National Assembly Majority Leader Aden Duale challenged the electoral body to disclose details of foreigners seconded to the commission for clarity on the roles they will play in next year’s polls/MUTHONI NJUKI

NAIROBI, Kenya, Dec 18 – The Jubilee Coalition has petitioned the Justice and Legal Affairs Committee of National Assembly demanding the Independent Electoral and Boundaries Commission (IEBC) to furnish Parliament with comprehensive details on donor funding by Tuesday next week.

Speaking during a press conference on Sunday at the Tuko Pamoja Towers in Pangani, National Assembly Majority Leader Aden Duale challenged the electoral body to disclose details of foreigners seconded to the commission for clarity on the roles they will play in next year’s polls.

“IEBC must provide to Kenyans, all the resources they have received from the donor communities and foreign governments, and the name and the particulars of people seconded to the commission by these organizations,” Duale said flanked by Jubilee legislators.

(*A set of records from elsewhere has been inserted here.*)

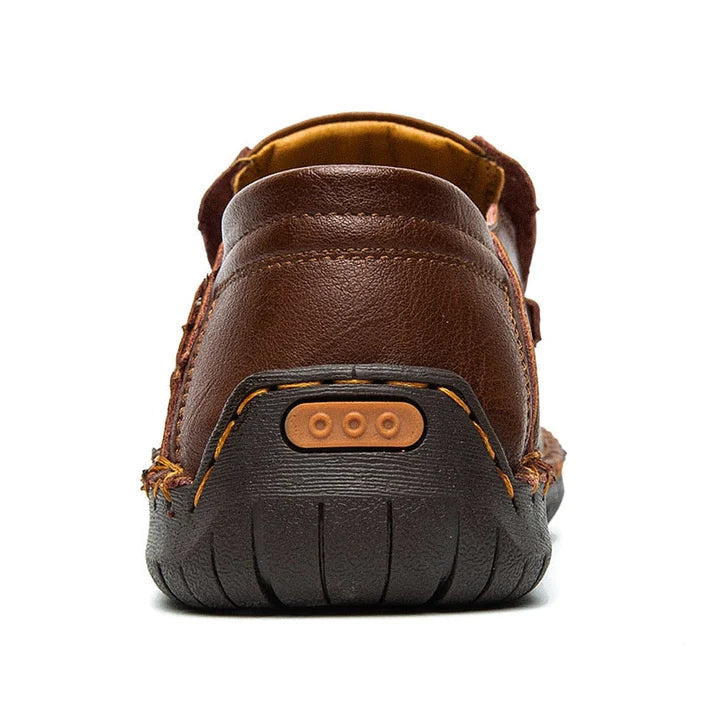 Sapato Mocassim Masculino em Couro Montvani MV331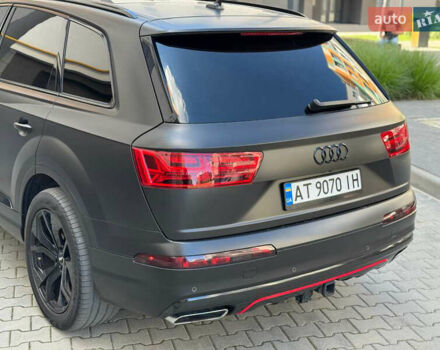 Черный Ауди Ку 7, объемом двигателя 3 л и пробегом 167 тыс. км за 28000 $, фото 7 на Automoto.ua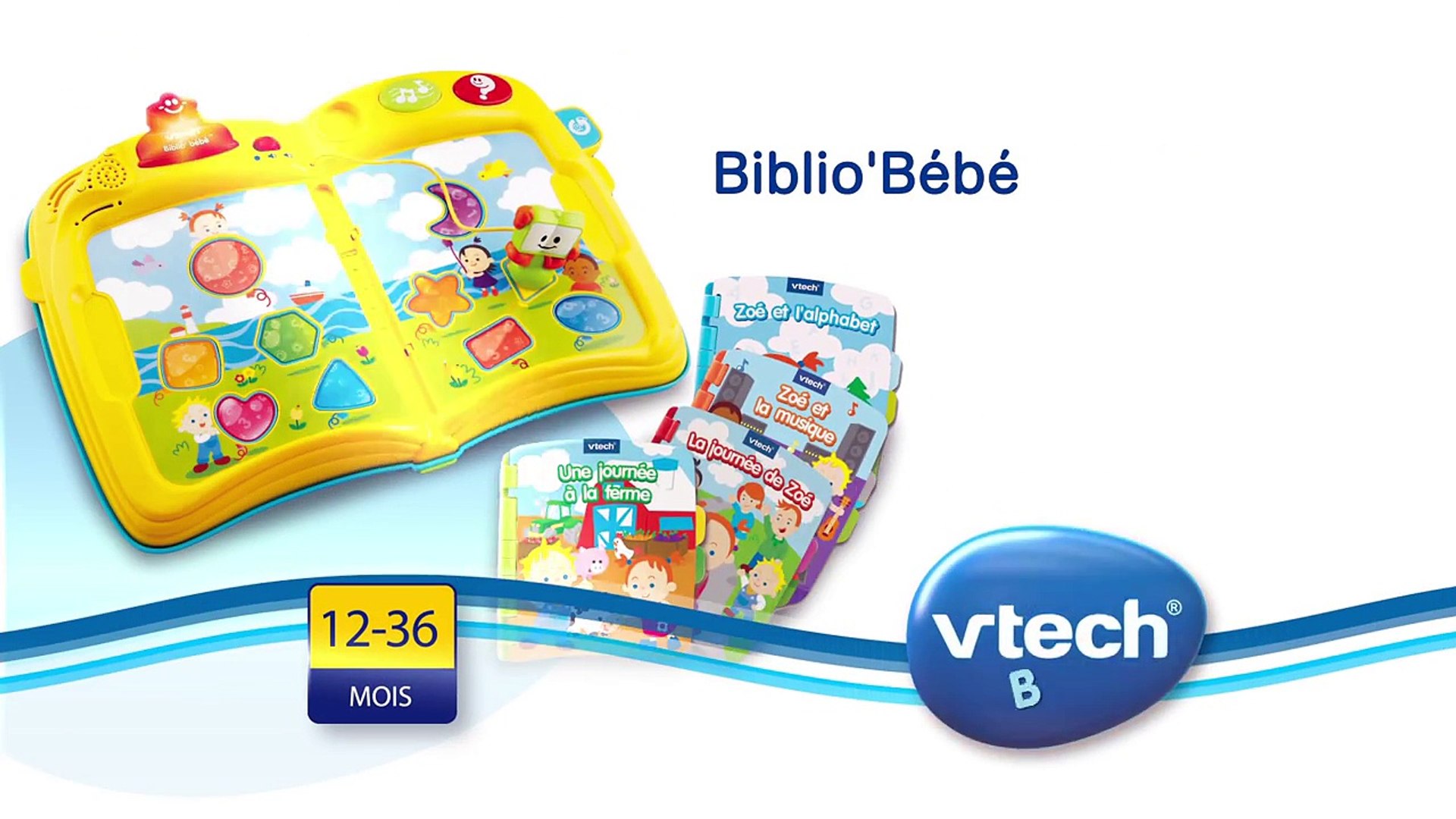 Biblio Bebe De Vtech Chez Toysrus Video Dailymotion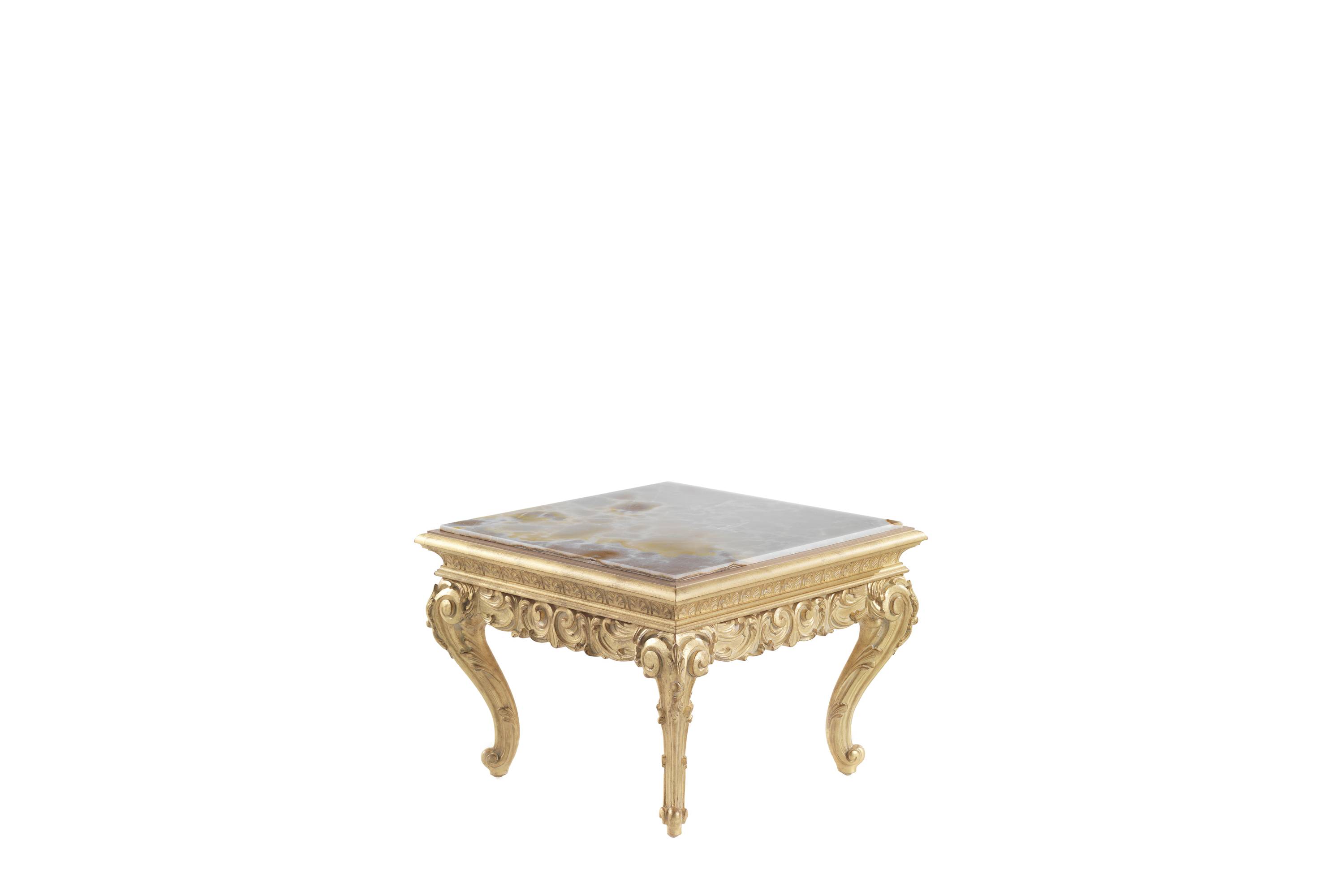 SCARLETT low table - Quality furniture and timeless elegance with luxury Made in Italy classic low tables.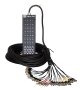 CBI 32x8 Audio Snake with Neutrik Connectors (XLR x 32, 1/4" TRS x 8)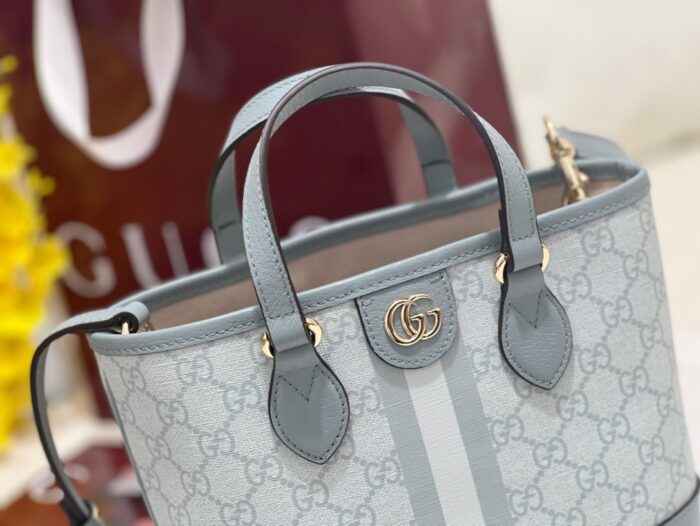 구찌 오피디아 미니 토트백 811716 남회색 레플리카 미러급 SA급 S급 고퀄리티 최상급 하이엔드 가방 [여성] 9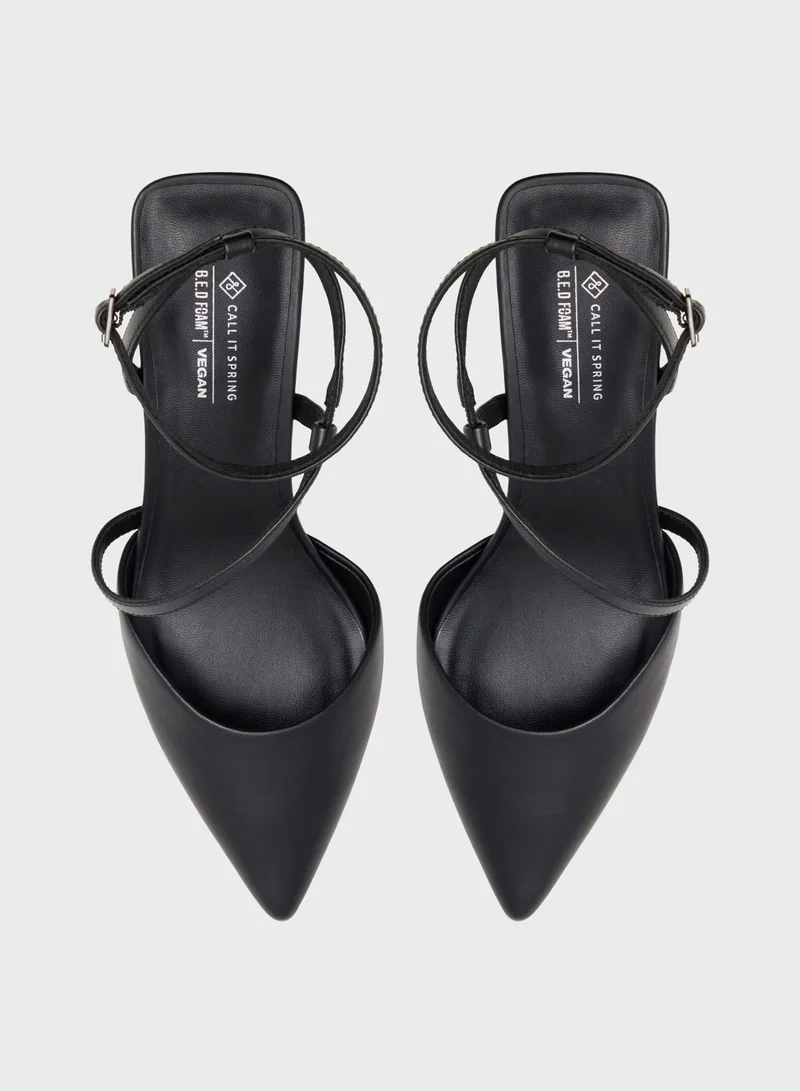CALL IT SPRING Margaux Pointed Toe Sandal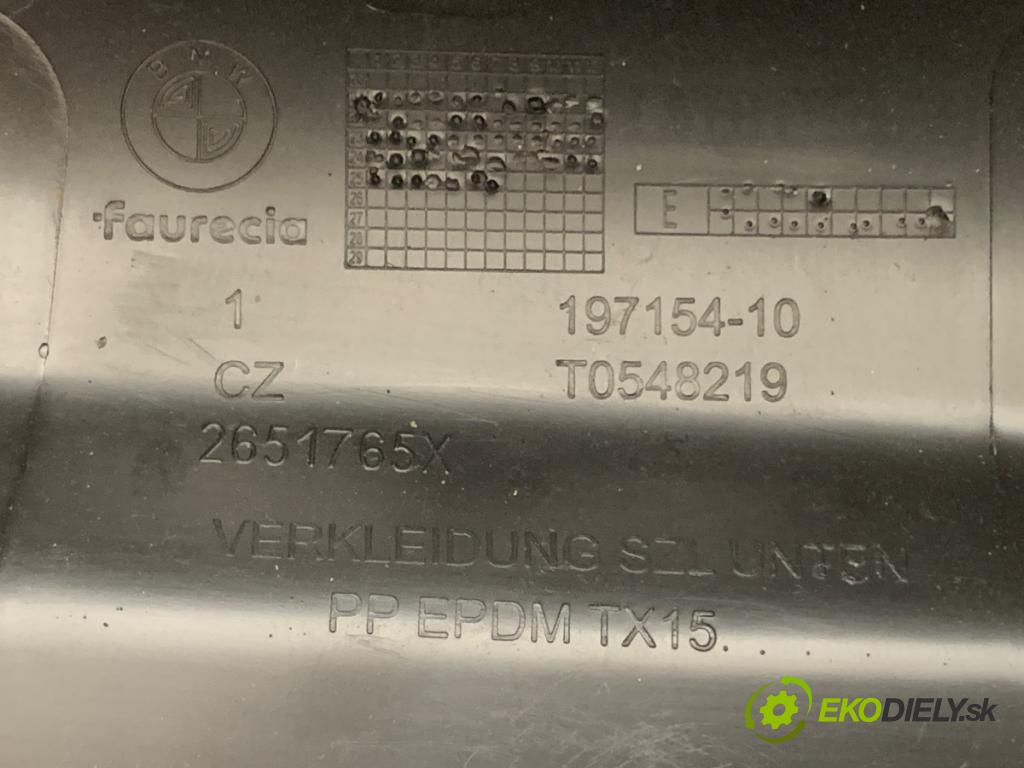 BMW 1  2025 110 kW 118d 110 kW [150 KM] 1995 Obal tyče volantu 197154-10 2651765X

According to Duale, the ruling coalition had written to the IEBC Chief Executive Ezra Chiloba demanding for the commission to come clean on the involvement of a foreigner by the name Michael Yard in the commission’s work, who Duale said is part of a plot by CORD to rig the next election in favour of Raila Odinga.

“I attended a meeting by the IEBC on technology and Michael Yard was present in that meeting,” he said. “Now we can confirm that he (Yard) purports to be a Canadian but he is an American and he is part of the grand scheme to rig the election in favour of Raila Odinga because he (Raila) believes he cannot get the numbers and he wants to use foreign mercenaries so that he can become a puppet president.”

The Majority Leader ruled out assertions that the ruling party wanted to influence the 2017 polls through the Elections Law Amendment Bill, saying an amendment is only meant to provide an alternative should the biometric system fail in some parts of the country.

According to Duale, the amendment to the law was proposed by the IEBC after a session with the Justice and Legal Affairs Committee of National Assembly to iron out issues it considers problematic in the new law, including sections of the Election Campaign Financing (Amendment) Act which provide that all candidates submit their campaign financing account with the commission.

“The question that came up was that there were no candidates yet, there were only aspirants,” he said adding that the only amendment by Jubilee was purely on the qualifications of those intending to run for elective seats.

Among issues the IEBC seeks to address through proposed amendments is, provision of an alternative should the biometric system provided for by the law fails, in order to avert a crisis due to voter being turned away as a result of technological hitches.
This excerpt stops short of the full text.